[Crawled caption data]
▼▼▼

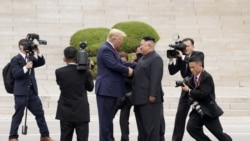 Presiden AS Donald Trump (kiri) bertemu dengan pemimpin Korea Utara Kim Jong Un di zona demiliterisasi Panmunjom, Korea Selatan, pada 30 Juni 2019. (Foto: Reuters/Kevin Lamarque)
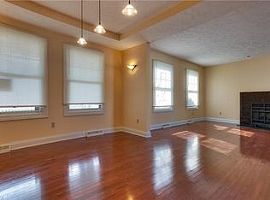 1946 E 84th St, Cleveland, Oh 44103 3 Beds 2.5 Baths in Cleveland, OH (Photo 3 of 12)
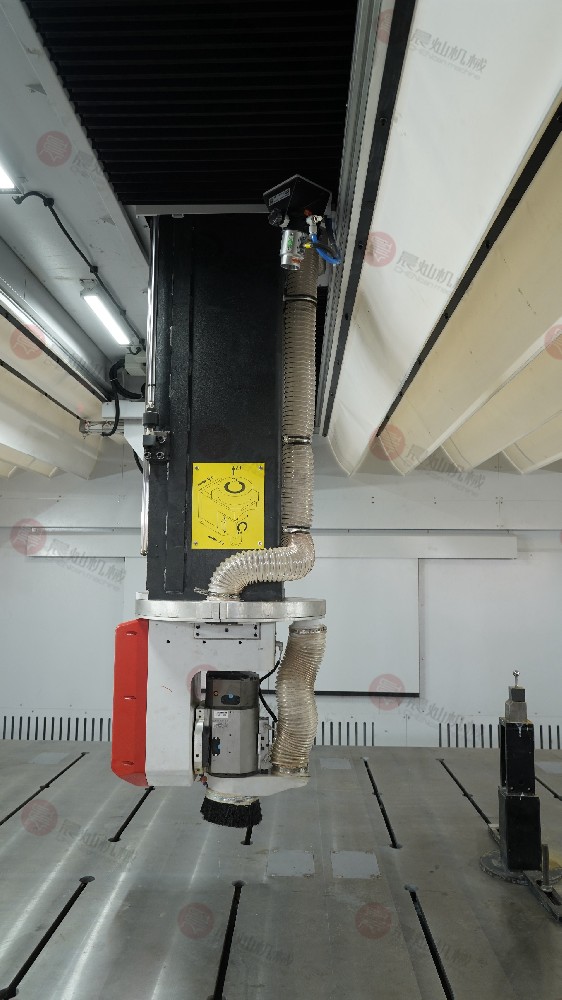 FC5030全封閉式高速五軸龍門加工中心_五軸頭_側面特寫_白天__實拍__豎屏__TP05828.JPG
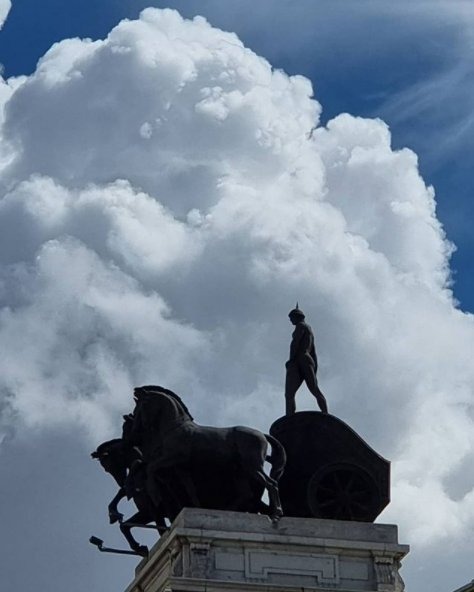 @cgjgirona. Fotografía ganadora concurso Instagram La máquina Magritte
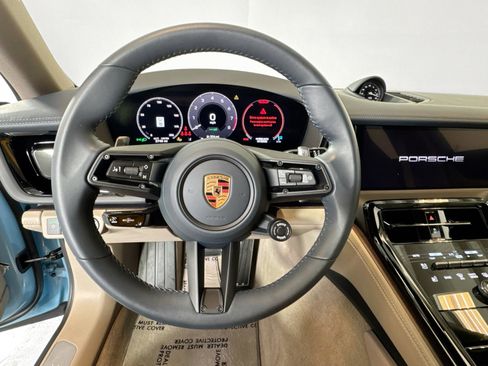 Certified 2025 Porsche Panamera 4 image 14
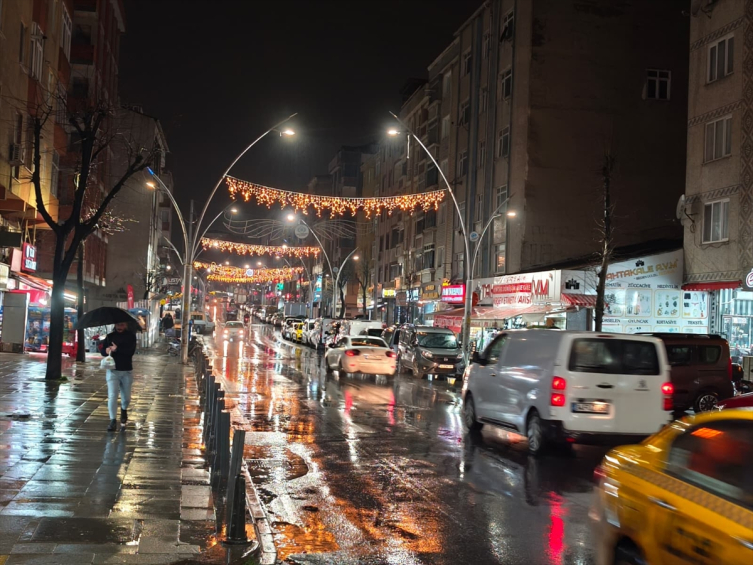 İstanbul'da cadde ve sokaklar ramazan temalı süslemelerle ışıklandırıldı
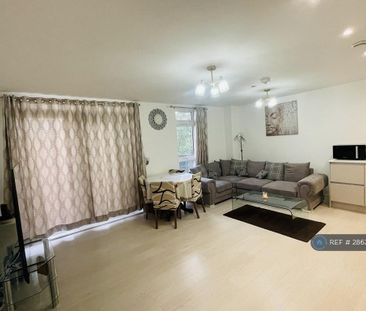 2 bedroom flat to rent - Photo 2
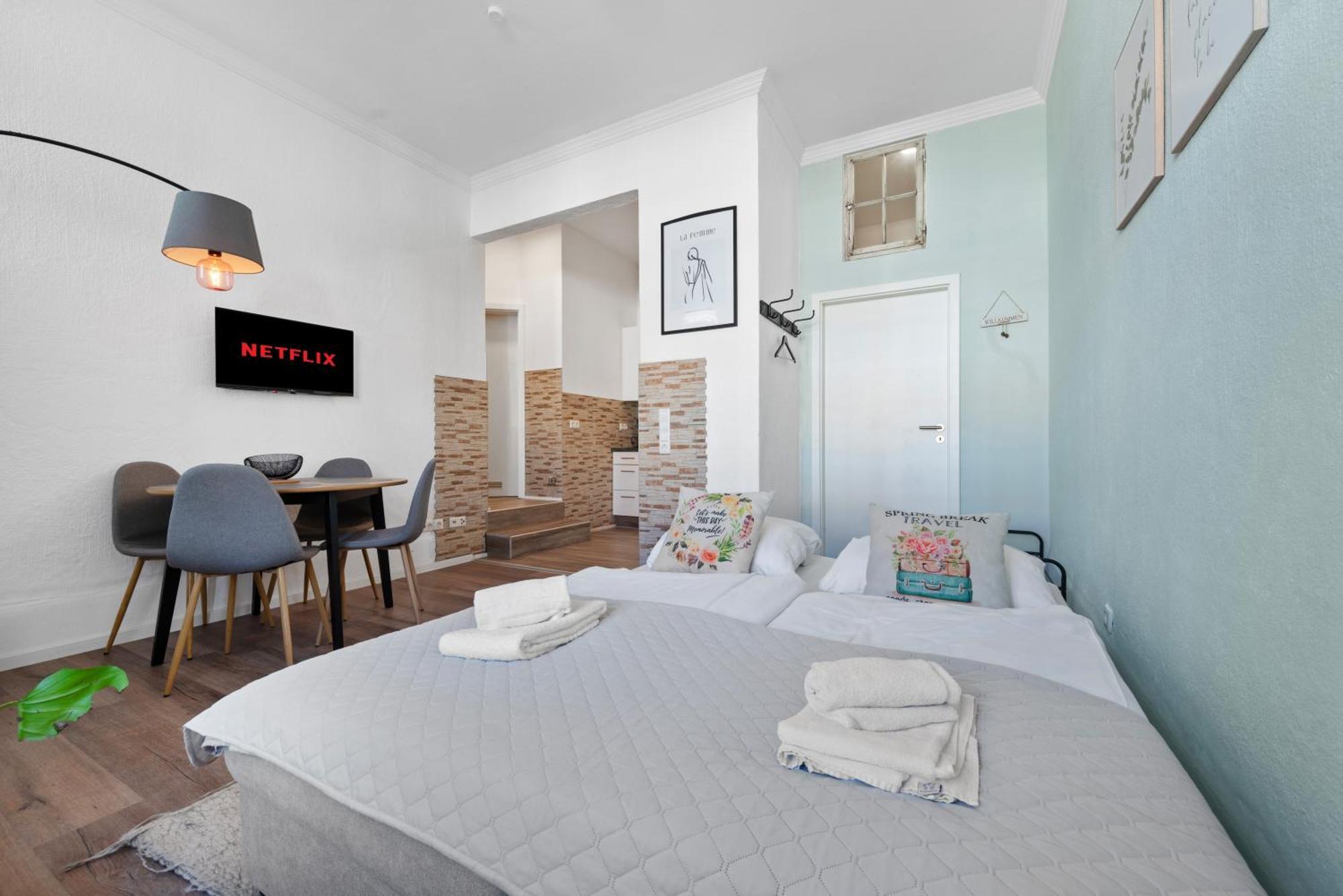 Backhome - Business&Family - Fantastische Schlosslage, Smarttv, Netflix, 50Qm, 24H Checkin - Apartment 1 Ludwigsburg Exterior foto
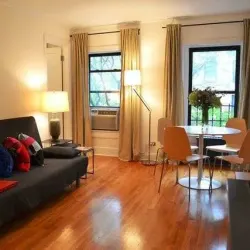 Spacious 1 Bed / 1 Bath Apartment in Downtown Palo Alto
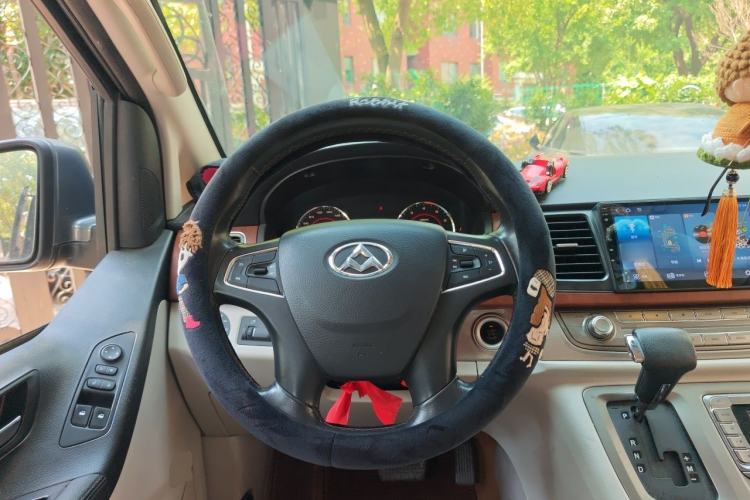 Used SAIC MAXUS G10 2014 2.0T Automatic Executive Edition Steering Wheel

▲▲▲

**TASK OBJECTIVE**
The required result is the entries above, printed exactly from the first line through the line with "FC5030全封閉式高速五軸", pictures excluded.

**RESPONSE TO THIS EXERCISE**
 Presiden AS Donald Trump (kiri) bertemu dengan pemimpin Korea Utara Kim Jong Un di zona demiliterisasi Panmunjom, Korea Selatan, pada 30 Juni 2019. (Foto: Reuters/Kevin Lamarque)
 1946 E 84th St, Cleveland, Oh 44103 3 Beds 2.5 Baths in Cleveland, OH (Photo 3 of 12)
 FC5030全封閉式高速五軸龍門加工中心_五軸頭_側面特寫_白天__實拍__豎屏__TP05828.JPG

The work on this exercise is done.